The data shows that the Indian power sector is accelerating large‑scale storage deployment to complement renewable generation. By mandating a 4‑hour duration, a minimum 50 % local content, and prohibiting refurbished cells, the tender aims to ensure high‑performance, domestically sourced storage that can provide on‑demand power, grid stability and renewable charging support. The financial thresholds—EMD of 24.8 lakh per MW, net‑worth of 796 lakh per MW and specific PBDIT and credit limits—highlight the emphasis on financially robust participants.

Key Tender Requirements and Eligibility

Applicants must submit techno‑commercial bids through the ISN‑ETS e‑tender portal by 9 June 2026 (online) and a hard‑copy by 11 June 2026. The bid security is 24.8 lakh per MW via bank guarantee, valid for 12 months, with e‑BGs accepted. Financial health is measured by a net‑worth of at least 796 lakh per MW as of FY 2024‑25, and consortium members must meet proportional net‑worth based on equity share. Additional financial criteria include a PBDIT of 29.6 lakh per MW and a minimum in‑principle bank credit of 12 lakh per MW. Technical criteria demand commercially proven battery technology, indigenous EMS software, and compliance with performance standards.

Impact on Sectors and Industries

The tender will stimulate growth in several sectors. Battery manufacturers and EMS software developers in India stand to gain from the 50 % local content rule, encouraging domestic supply chains. Renewable power producers will benefit from reliable storage that can smooth intermittency and enable higher renewable penetration. Investors and financial institutions will find new opportunities in financing large‑scale, government‑backed energy projects with VGF incentives. Policymakers can use the tender as a template for future storage auctions, reinforcing India’s commitment to a low‑carbon grid.

Key Takeaways

  • 282.5 MW / 1130 MWh BESS tender launched by MPPMCL and UPPCL with VGF support.
  • Bid security is 24.8 lakh per MW; net‑worth requirement is 796 lakh per MW.
  • Submission deadline: 9 June 2026 online, 11 June 2026 hard copy.
  • Technical mandates include 4‑hour duration, 50 % local content, no refurbished cells, and indigenous EMS software.
  • Financial thresholds ensure participation of financially strong developers and consortiums.
  • The tender accelerates domestic battery manufacturing, renewable integration and investment in grid‑scale storage.

FAQs

What is the total capacity and duration of the BESS tender?

The tender covers 282.5 MW of power capacity with a 1130 MWh energy capacity, providing a 4‑hour discharge duration.

When must bids be submitted?

Online bids close on 9 June 2026, and hard‑copy submissions must be received by 11 June 2026.

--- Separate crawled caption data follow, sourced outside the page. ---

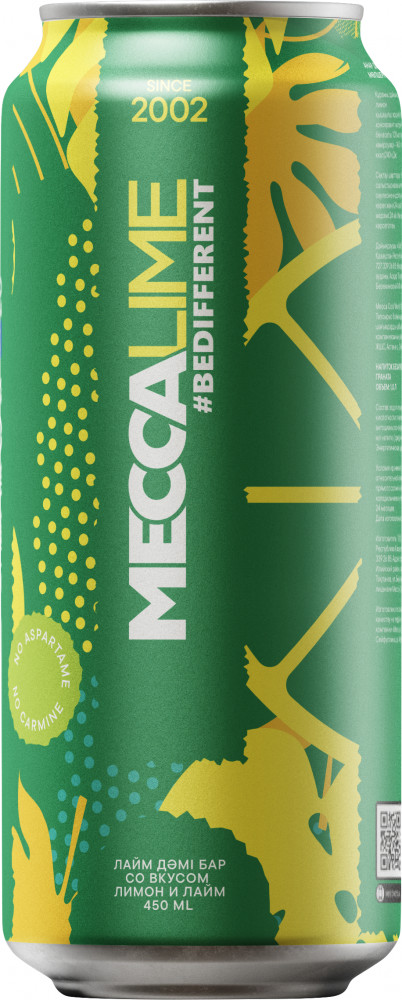 Газированный напиток «MeccaLime» | Mecca-Cola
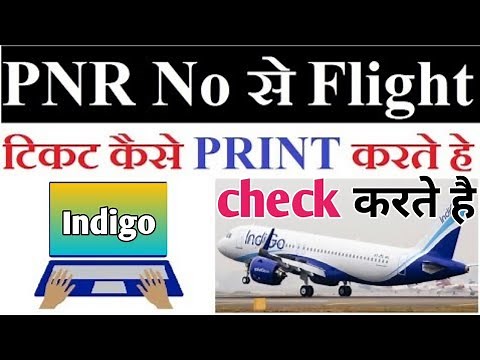 how to verify indigo flight ticket || how to check indigo flight pnr status || indigo Airlines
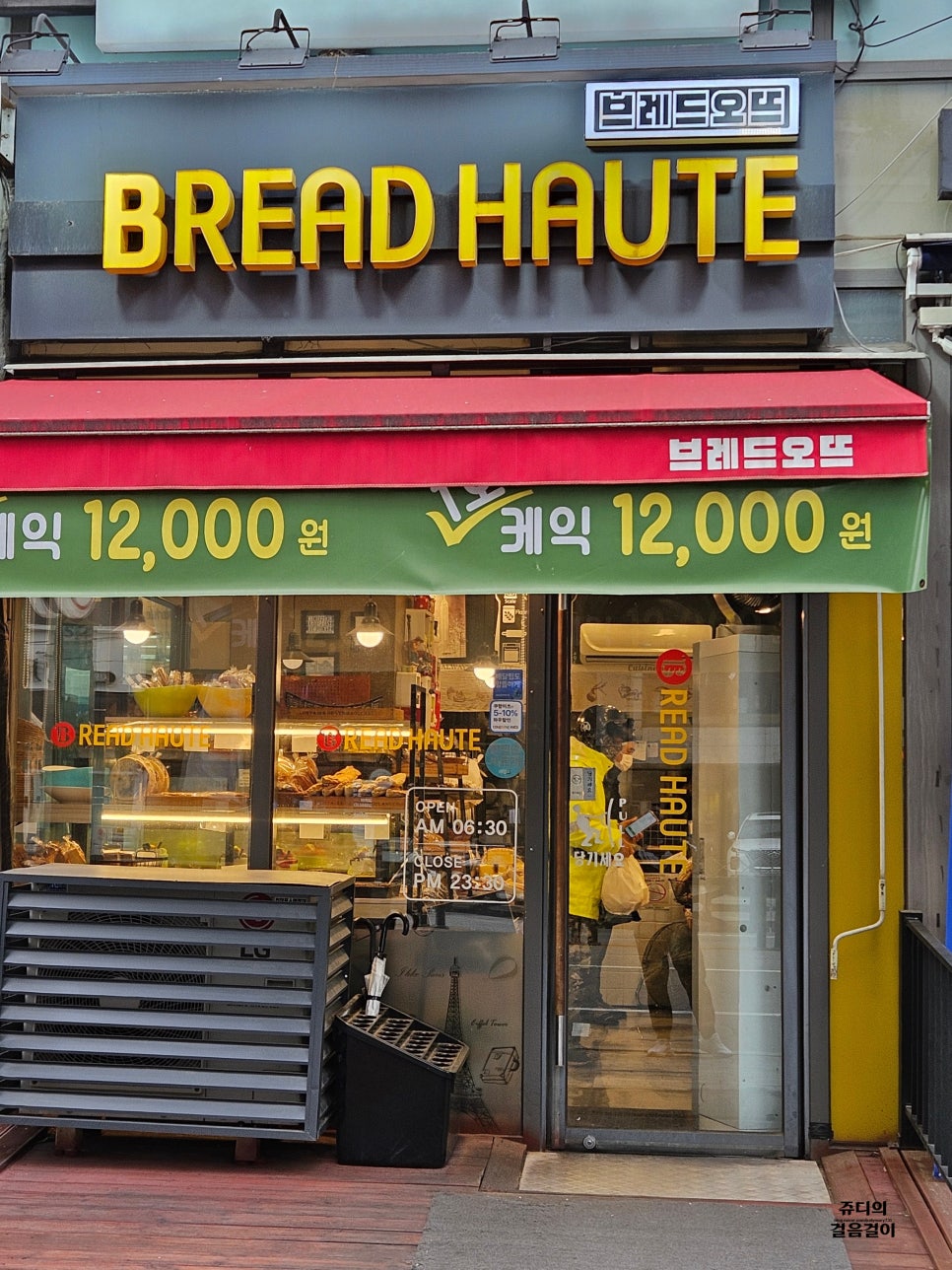브레드오뜨 이미지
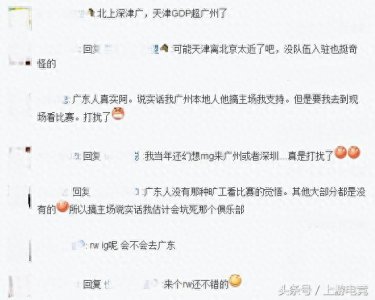 ​LPL各大战队主场基本确定，为何仍没有队伍选择广州深圳？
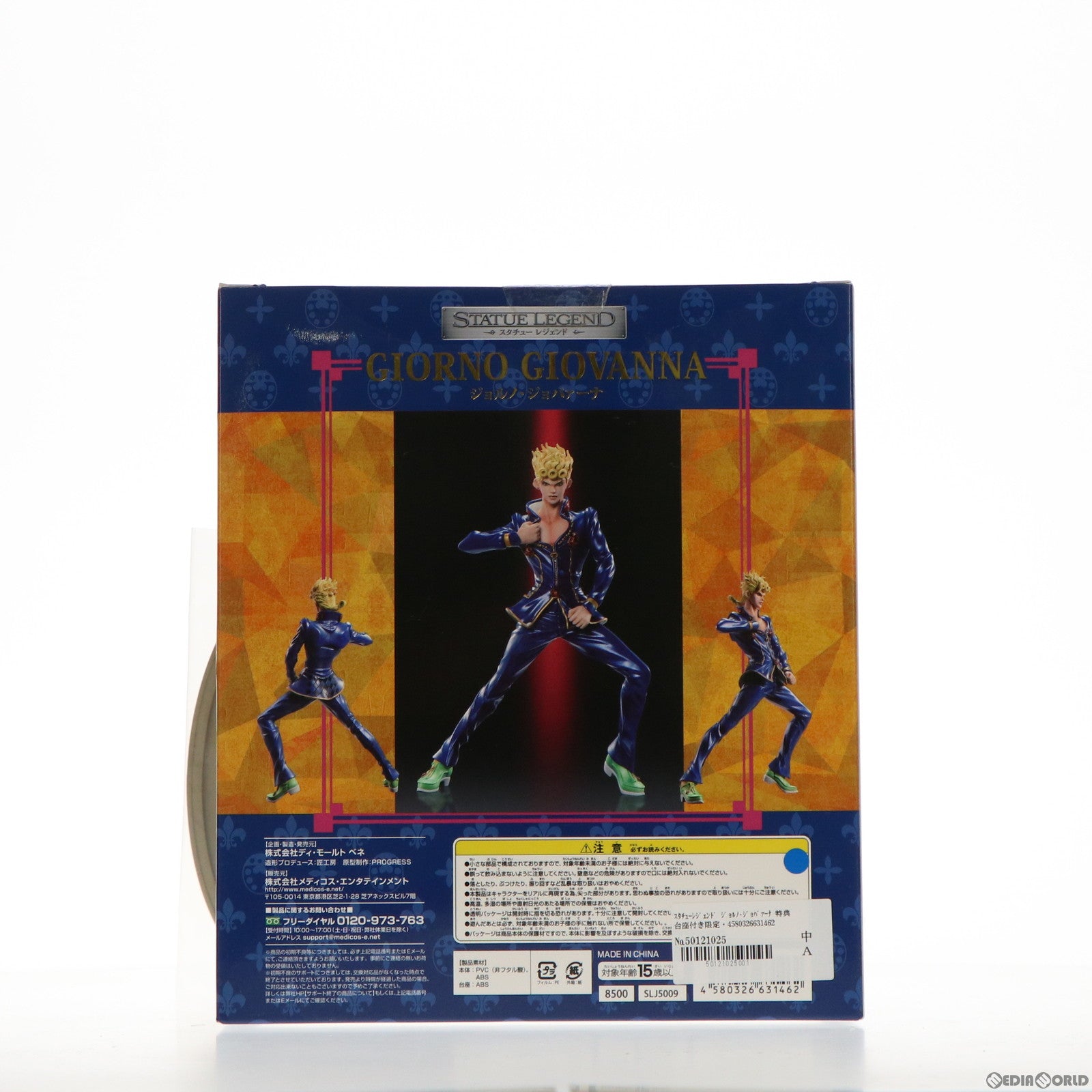 【中古即納】[FIG] スタチューレジェンド ジョルノ・ジョバァーナ 特典台座付き限定版 ジョジョの奇妙な冒険 第五部 黄金の風 完成品 フィギュア ワンフェス2019冬&MEDICOS ONLINE SHOP限定 ディ・モールト ベネ(20190210)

What financial guarantees are required?

Applicants must provide an Earnest Money Deposit of 24.8 lakh per MW via bank guarantee, maintain a net‑worth of 796 lakh per MW, and meet PBDIT and credit limits as specified.

Are refurbished battery cells allowed?

No. The tender explicitly requires commercially proven, new battery storage technologies and prohibits refurbished cells.

How does the VGF support work?

The Viability Gap Funding is offered to reduce the financial burden on developers, making the project economically viable while encouraging domestic content and technology development.